En 1932, Rafael Alberti editaba “Bosque sin horas”, una antología de poemas de Jules Supervielle. Aquella compilación de 135 páginas, publicada en Montevideo (Feria del Libro. Palacio Salvo), suponía la primera antología al castellano del poeta franco-uruguayo (Montevideo, 1884 - París, 1960). Contaba con versiones de Pedro Salinas, Jorge Guillén, Mariano Brull, Manuel Altolaguirre, Luisa Luisi, Emilio Oribe y Carlos y abría una importante vía de conocimiento del quehacer de un escritor multiforme y polifacético.
Jules Supervielle quedó huérfano a los ocho meses de vida, poco después de que sus padres se trasladaran a Francia. Bien el cólera o bien el veneno que contenía el agua de un grifo, fueron los causantes del fallecimiento de ambos. Sus tíos se hicieron cargo del pequeño y lo llevaron de vuelta a Montevideo. De ahí en adelante, las idas y venidas de Uruguay a Francia fueron habituales y convirtieron su vida en una dualidad de culturas, de lenguas y de patrias.
La reciente edición de “El forzado inocente” (Pre -Textos. Valencia, 2014), devuelve a la actualidad la figura de este singular autor. Publicado originariamente en 1930, el volumen consta de diez apartados y su título procede de unos versos de Verlaine: “Si camino me imagino/ que, forzado inocente,/ voy arrastrando grilletes/ ¡pero a ti que más te da!”. A su pulcra traducción, José Ramo añade una esclarecedora introducción en la que detalla claves humanas y literarias: “Supervielle es el poeta de la imagen, la recibe, y vuelve a ella, profundiza, crea otras nuevas y las ordena, es decir, pasa de la inspiración a la escritura”; y añade:“El forzado inocente nos lleva a un mundo carcelario, al extrañamiento del yo sobre el que pesa una oscura culpabilidad”.

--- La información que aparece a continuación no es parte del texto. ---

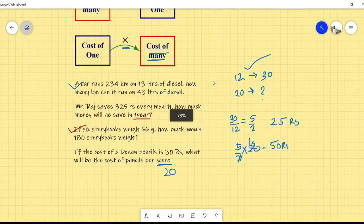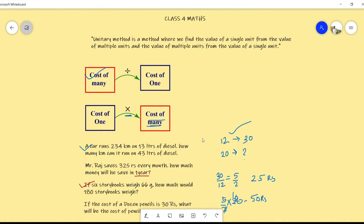Now we can understand the definition clearly. Unitary method is a method where we find the value of a single unit from the value of multiple units — for that we divide. And the value of multiple units from the value of a single unit — for that we multiply. Here we end today's lecture. Thank you.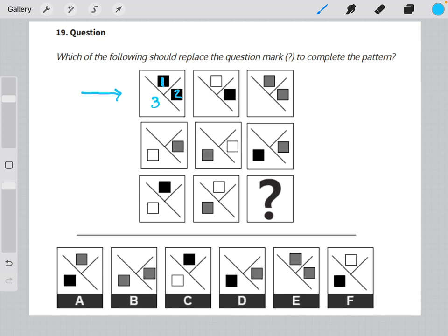In row one, we can see that section three is always missing a square. In the second row, we can see that section one is always missing a square.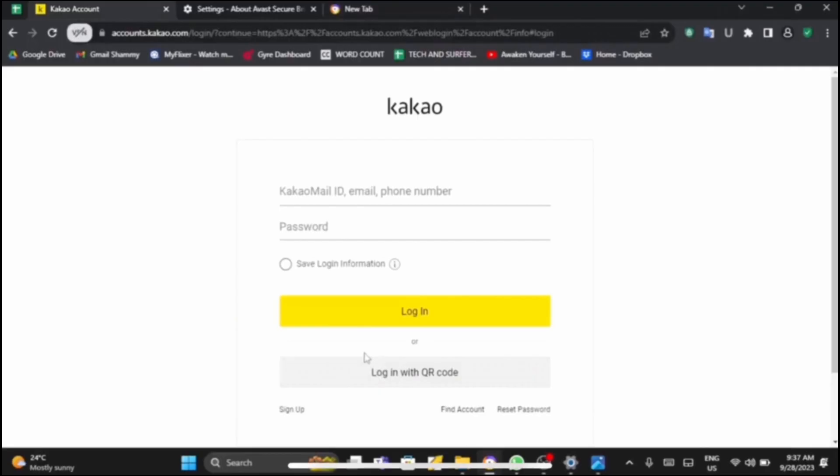If you don't want to log in through your email and password, then tap on login with QR code. With QR code also you can log in to Kakao. So this is how you can log in to Kakao on your web browser from PC.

Precisamente, ese clima de opresión y angustia, se deja notar desde el poema que sirve de pórtico, “El forzado”, en el que Jules Supervielle escribe: “Yo soy un prisionero/ que desconoce el campo,/ nos son mías mis manos/ ni mi frente es la mía (…) Es la frente sin rostro, alejada del tiempo./ Apresados los brazos, nuestras tristes rodillas”.
Las diez partes -dicho queda- que componen el conjunto, rozan en mayor o menor medida el tema de la muerte y conjugan lo enigmático con lo realista, lo misterioso con lo celebratorio, lo sorpresivo con lo eterno. Con un verso, en ocasiones directo, y, en otras, pleno de simbología, el Supervielle va modulando su conciencia lírica a la par que revela al lector su inquietante vitalismo, su cromático amor: “Tú le das a mi cielo un amable color/ y renuevas mis bosques y renuevas mis ríos (…) No quiero saber nada, sabiendo que te veo,/ que eres tú ese contorno de mujer y sorpresa,/ verdadero tu rostro, de buena ley tus ojos,/ tú, dispuesta a escaparte y no obstante concreta”.
Su condición de huérfano, su nómada vitalidad, la certidumbre de saberse nacido para el mundo de las letras, su permanente exilio interior…, son temas que afloran también en estas páginas llenas de desolación y de esperanza, de tristuras y de anhelos.
Páginas, al cabo, escritas por un poeta fiel a sus principios. Y a sus ensueños: “Cuando me acerco al espejo/ no encuentro nada de mí”.